Faith and Career Change ~ 2010 Style

I had been waiting so long for an answer to what happens next for us with our careers that I was shocked when it arrived. The last three weeks since my husband went back to work in an office have been trippy for all of us. We've have to adjust from two of us at home worrying about who would get a paying opportunity first and where it would come from. Now we know and knowing is half the battle.

The other half of the battle, where I re-balance my life, has been taking most of my energy since Bill went back to an office. It has been over a decade since he worked outside our home and I really didn't see this coming in the script. The good news for me is that now I get to explore what's next for me with a little more clarity. With both of us out of work, it has been a true test of our faith with the plans we had for ourselves. We weren't sure were the solution would come from, we only knew that we had to hang on long enough to get ourselves there. After a year of neither of us bringing in much income, we were just about at the point of no return when the solution arrived. YAY!

Faith is a part of career changing - faith in a higher purpose, faith that it will all work out, faith in yourself. For me, this journey has been a test of my faith and now I feel content that things are going along as they should be.
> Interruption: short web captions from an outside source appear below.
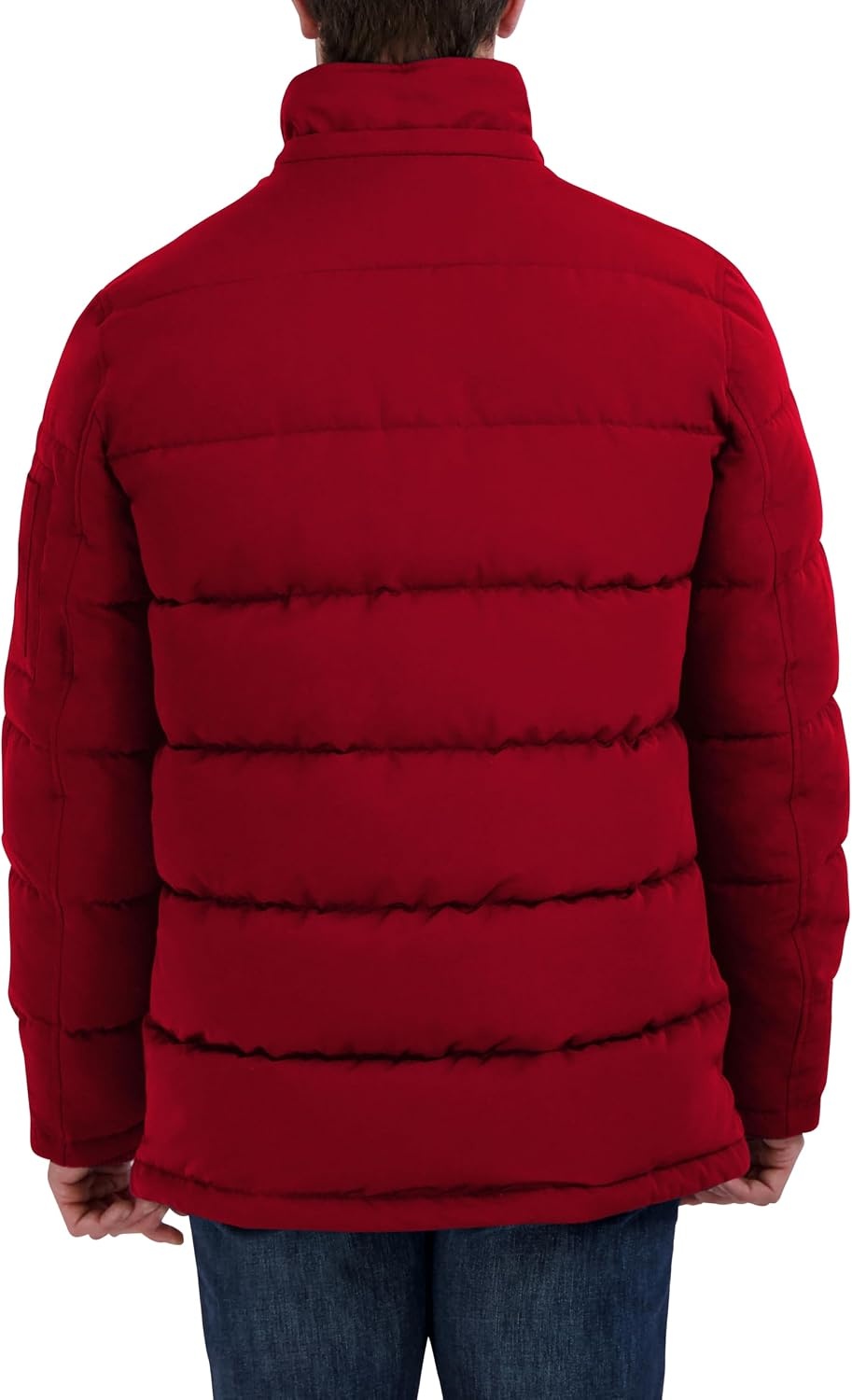 image:imageNautica Mens Faux Fur Trim Puffer Jacket With Removable HoodRed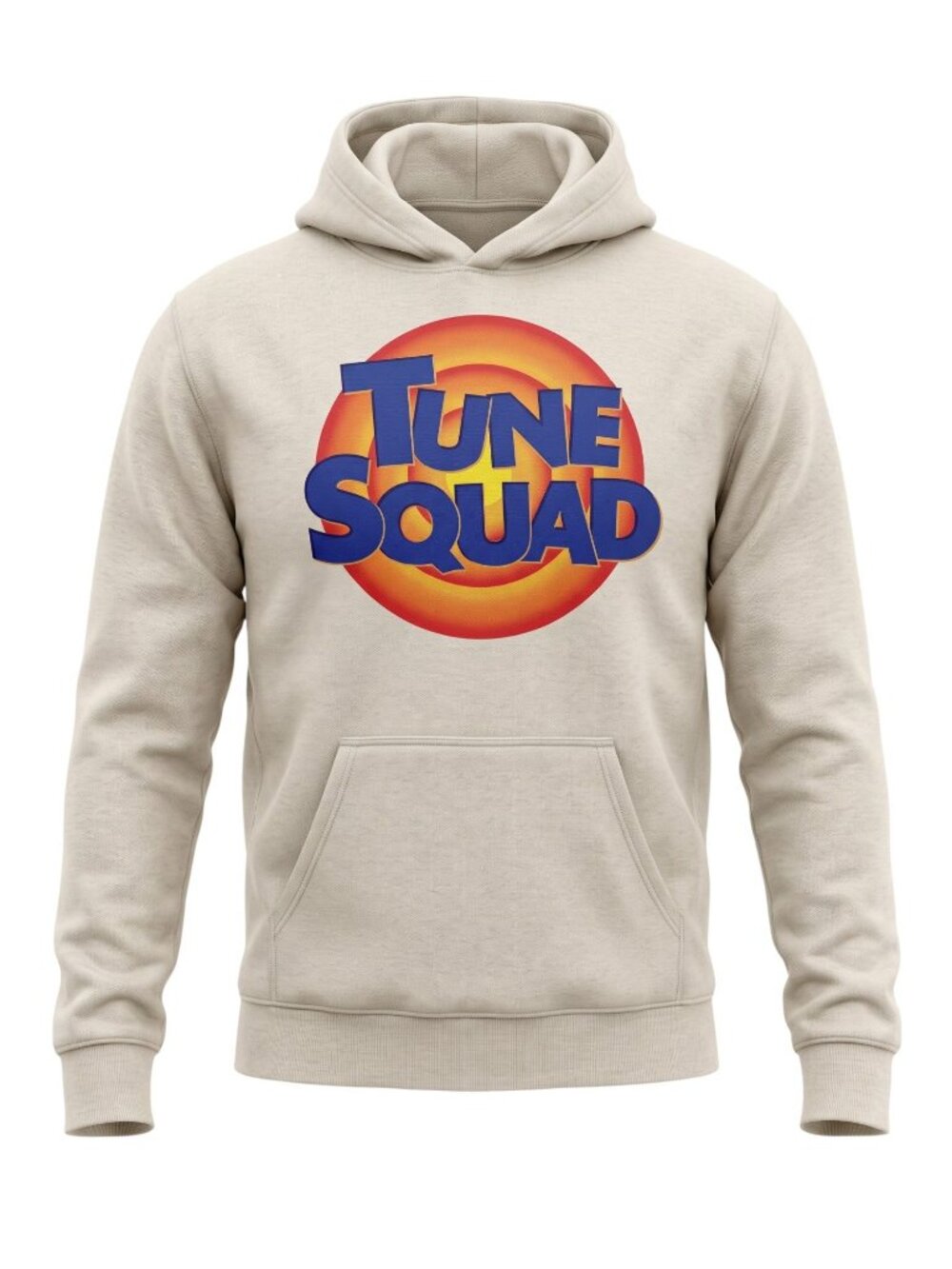 Tune Squad Beige Hoodie With Looney Tunes Graphics Front & Back Size M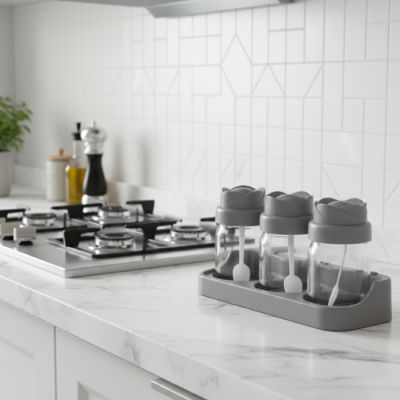 Lot à Épices avec Support - 3 Boîtes - 0,25L 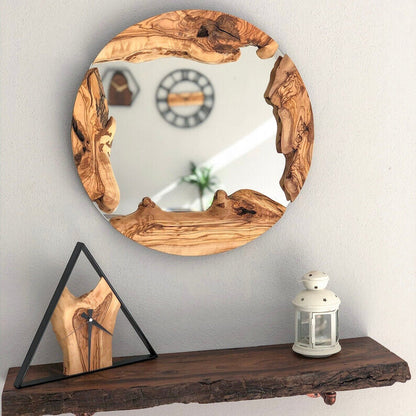 Wood round Mirror, Live Edge Wood Wall Mirror, Wood Frame Mirror Wall Decor,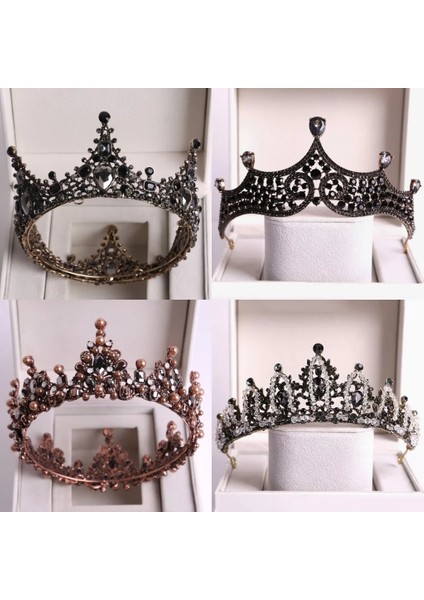 J-Stil Barok Siyah Kristal Büyük Yuvarlak Gelin Tiaras Taçlar Pageant Balo Diadem Taklidi Peçe Tiara Kafa Bandı Düğün Saç Aksesuarları (Yurt Dışından) fiyatları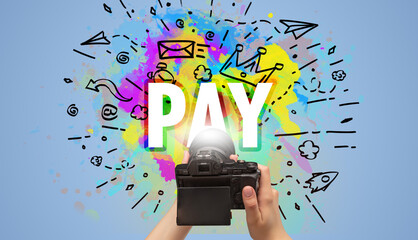 Close-up of a hand holding digital camera with abstract drawing and PAY inscription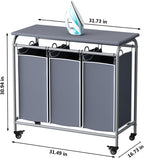 LINZINAR 3 Bag Laundry Basket Sorter Heavy Duty Rolling Lockable Wheels Laundry Hamper Cart with Ironing Board and Removable Bags, Grey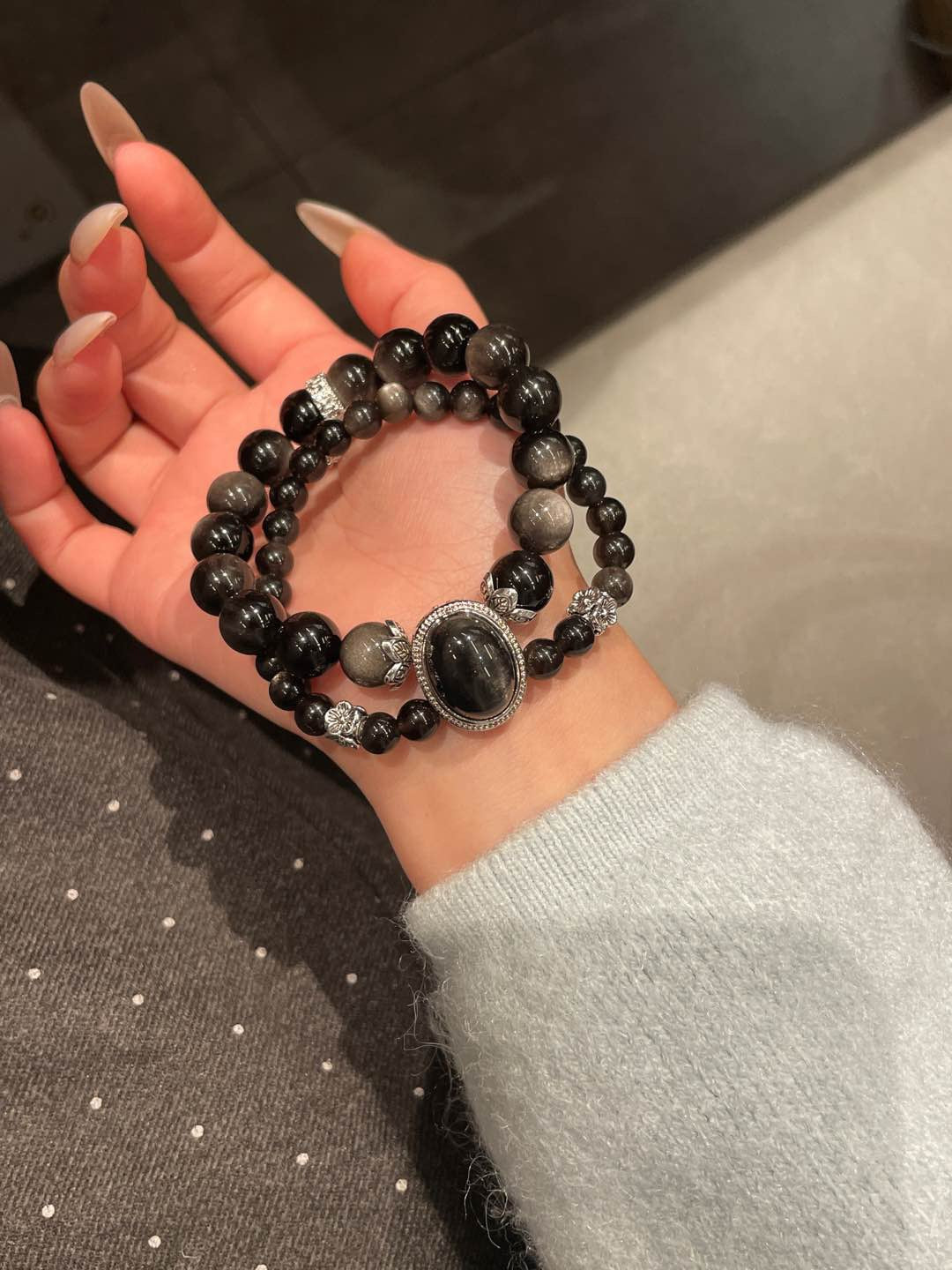 Double-Layer Silver Obsidian Bracelet | 10mm & 6mm Beads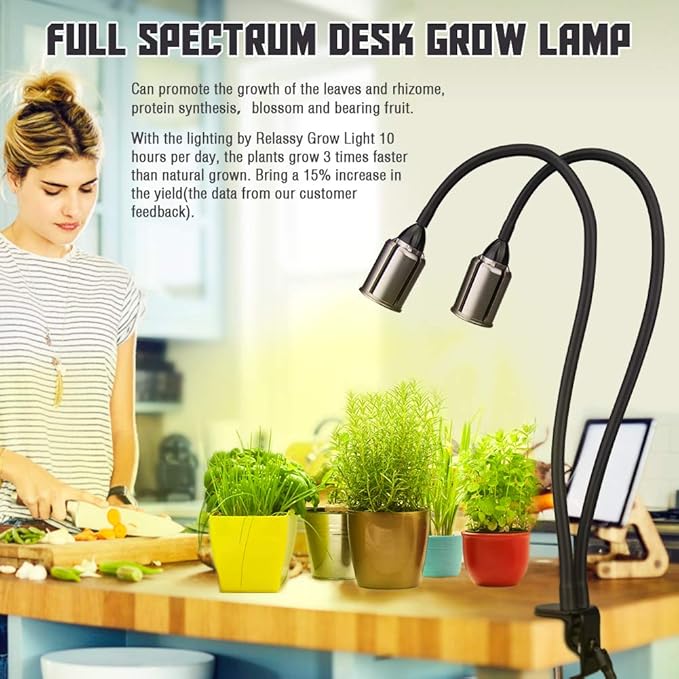 Grow Light for Indoor Plants 7500K Full Spectrum Plant Growing Lamp with Gooseneck Auto On Off Timing 3/6/12H 4-Level Dimmable 22.5 Inch Longer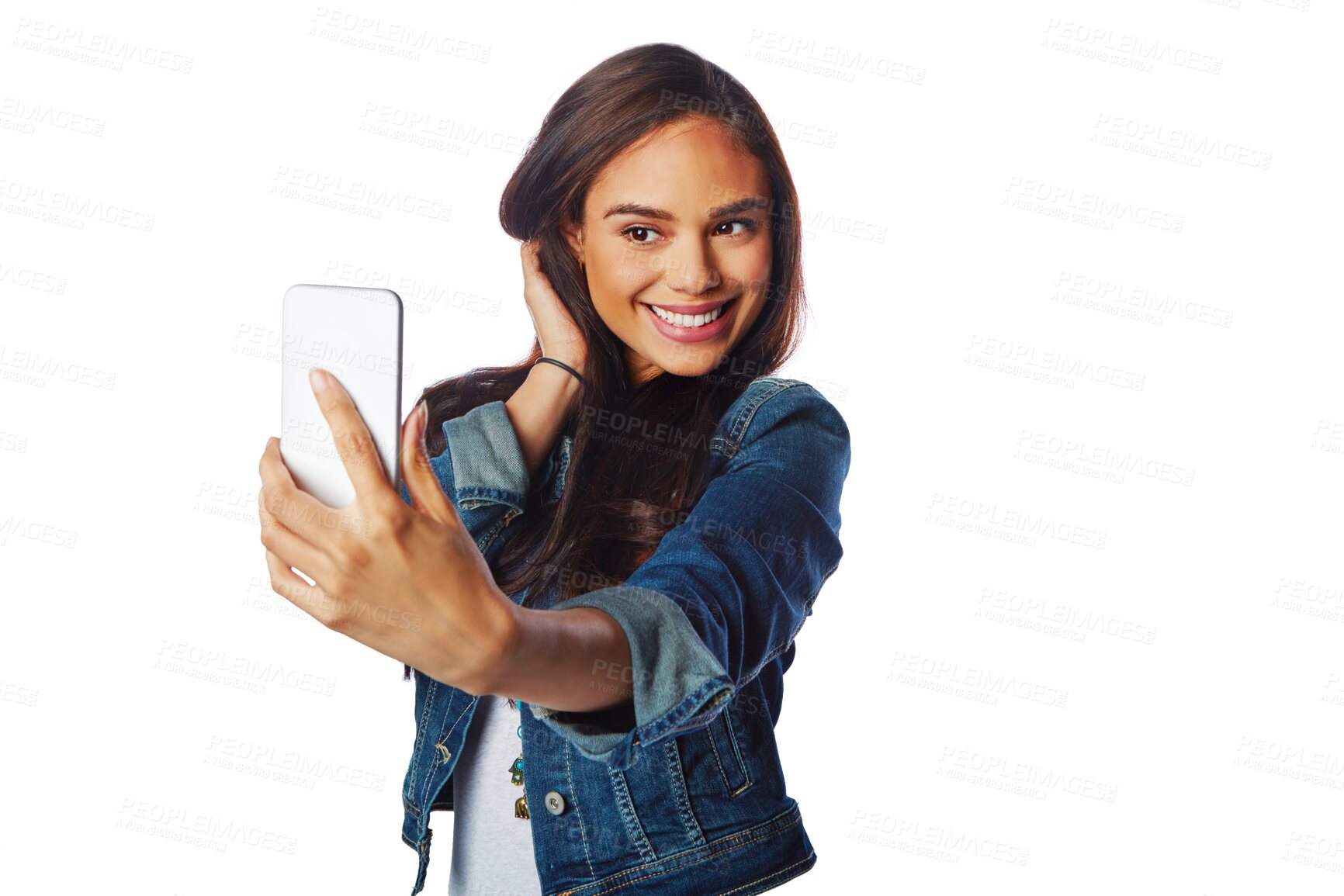 Buy stock photo Selfie, makeup and happy young woman isolated on transparent, png background for social media photography. Video, content creation and model, influencer or person profile picture, beauty or cosmetics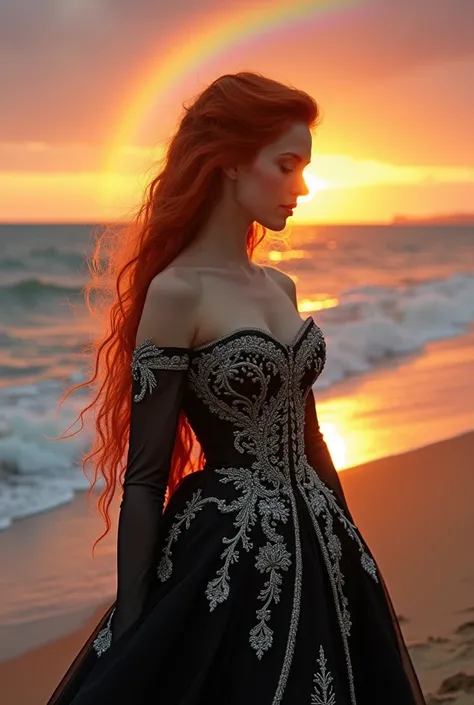 Red-haired snake woman,in a black Victorian dress with silver,sunset beach with sun rays with rainbow 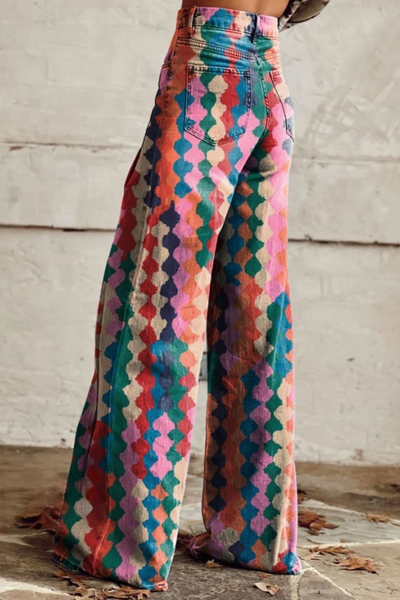 Shannon | Vintage Weite Bein Hose mit Muster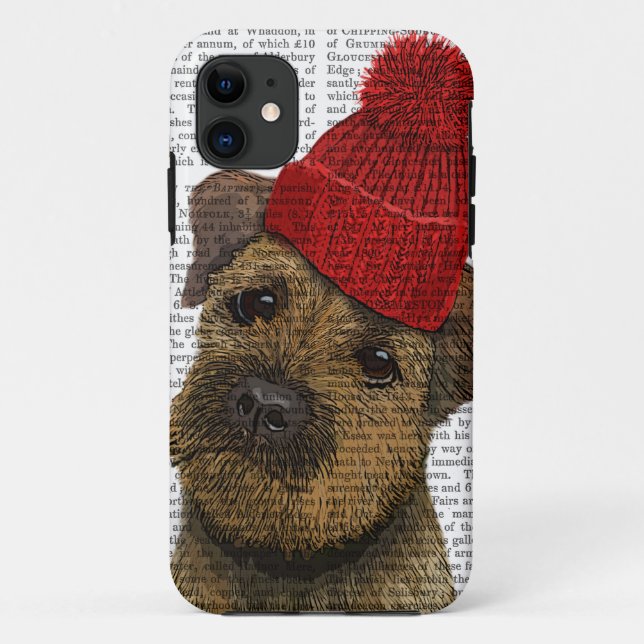 Border Terrier with Red Bobble Hat 3 Case-Mate iPhone Case (Back)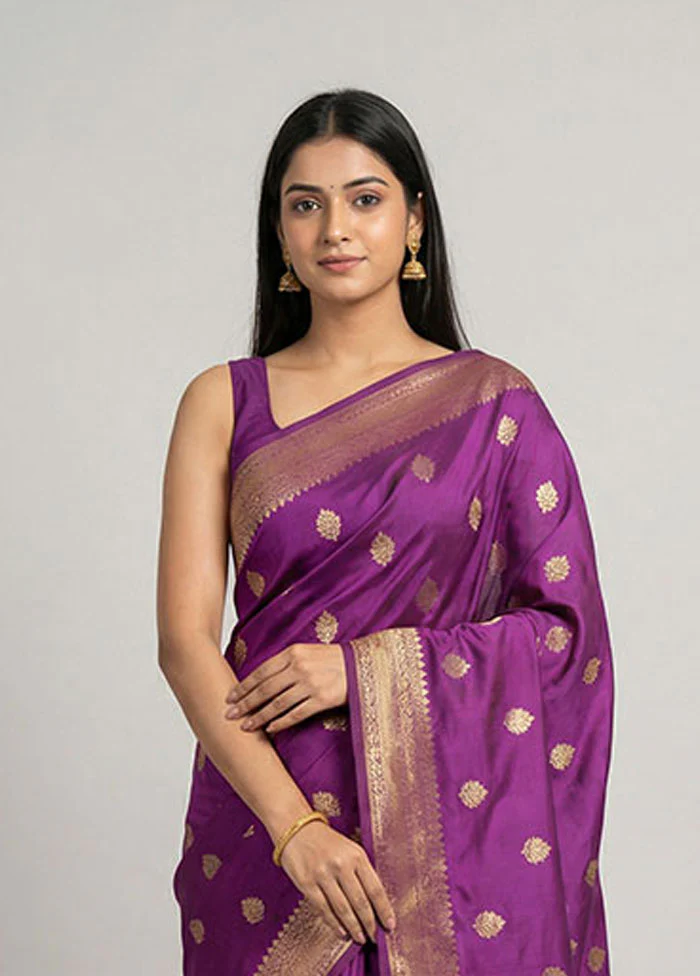 Purple Kanjivaram Silk Saree With Blouse Piece - Image 2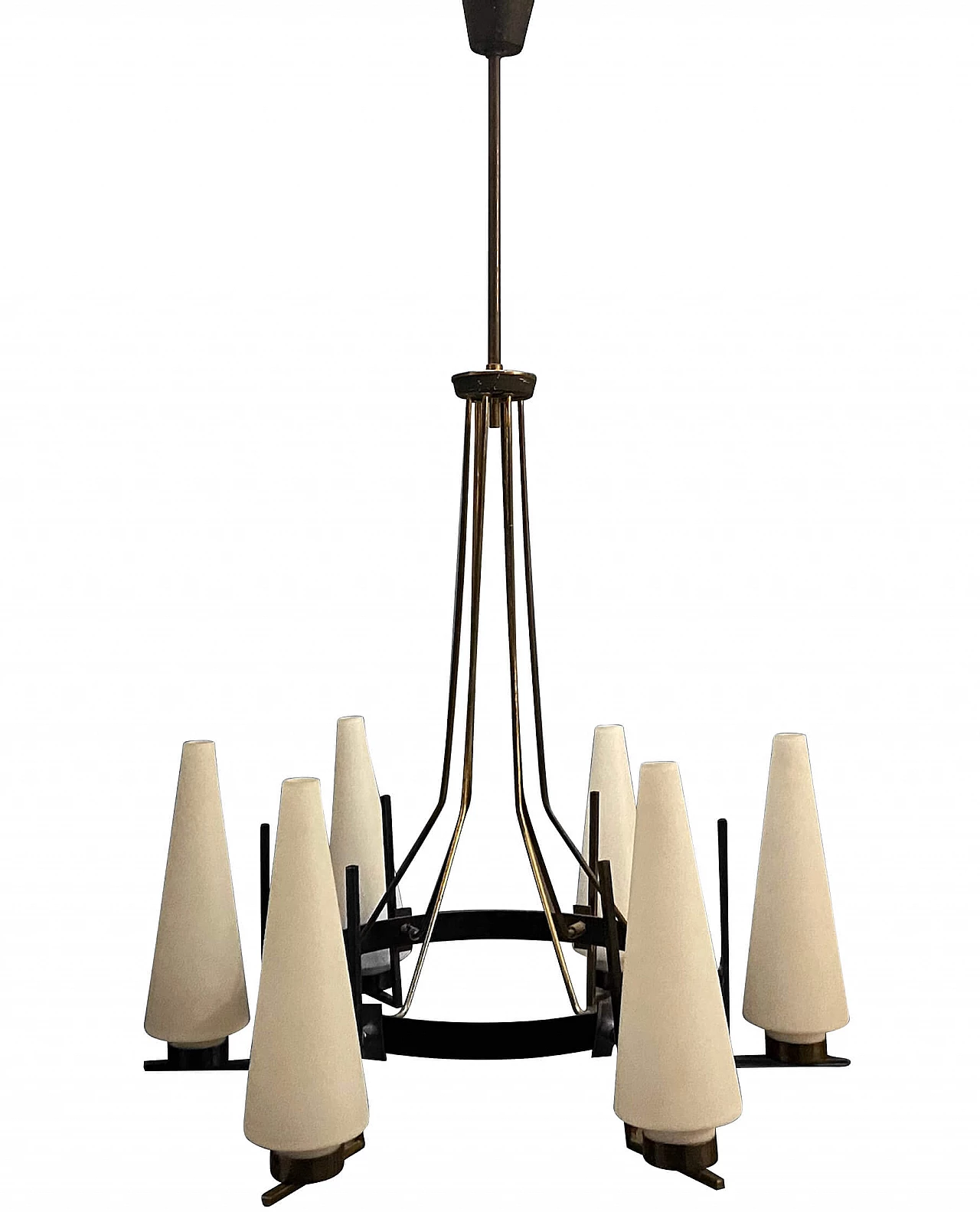 Brass and glass chandelier by Stilnovo, 1950s 1202712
I was feeling pretty out of whack there, but I knew it would make sense eventually. Once we got a piece of the puzzle established- one of us employed- we were able to see how the whole picture is evolving. Now I feel like I'm connected with my higher purpose again which feels awesome. Amazing what happens when you pay attention.

With a sense that we can pay some of our bills, I can now analyze what I need to do next. Interestingly, I've come to understand that I don't need my job to have the meaning that it once did. In the past, working in non-profits has allowed me to feel good about my career and that's helped me feel good about my life. Now my life is multi-textured with family and community connections that bring meaning into my world. My career needed to do that in the past and now it doesn't. Interesting. Now I'm interesting in talking and writing and hopefully earning a giant pile of money so I can support my family in Los Angeles now that my husband has a non-profit job full of meaning. I feel focused and like I'm in the right place for me. Whew.

While I'm finding it hard to adjust to the new paradigm, I'm also feeling extremely happy about where I'm at these days. I feel like I'm using my natural born gifts for good and doing important work in a different way now. I feel connected to my own purpose and ready to just get the job done. YAY!

I'll post more soon about some exciting projects brewing in my world. For today, I wanted to share about keeping the faith - whatever that means to you- during hard times. Tests of faith help up prove to ourselves that we're on the right path. That we are not crazy ( or it doesn't matter) and that our plans are going to work out. These tests suck about as much as tests in school did, but they help us assess where we are. And just like a smily face and "perfecto" on a spelling test can make a seven year old beam with pride, so too can we feel pride in accomplishing our goals and making it through the rough, testy times. Hopefully all this testing leads to becoming more knowledgeable, wiser creatures.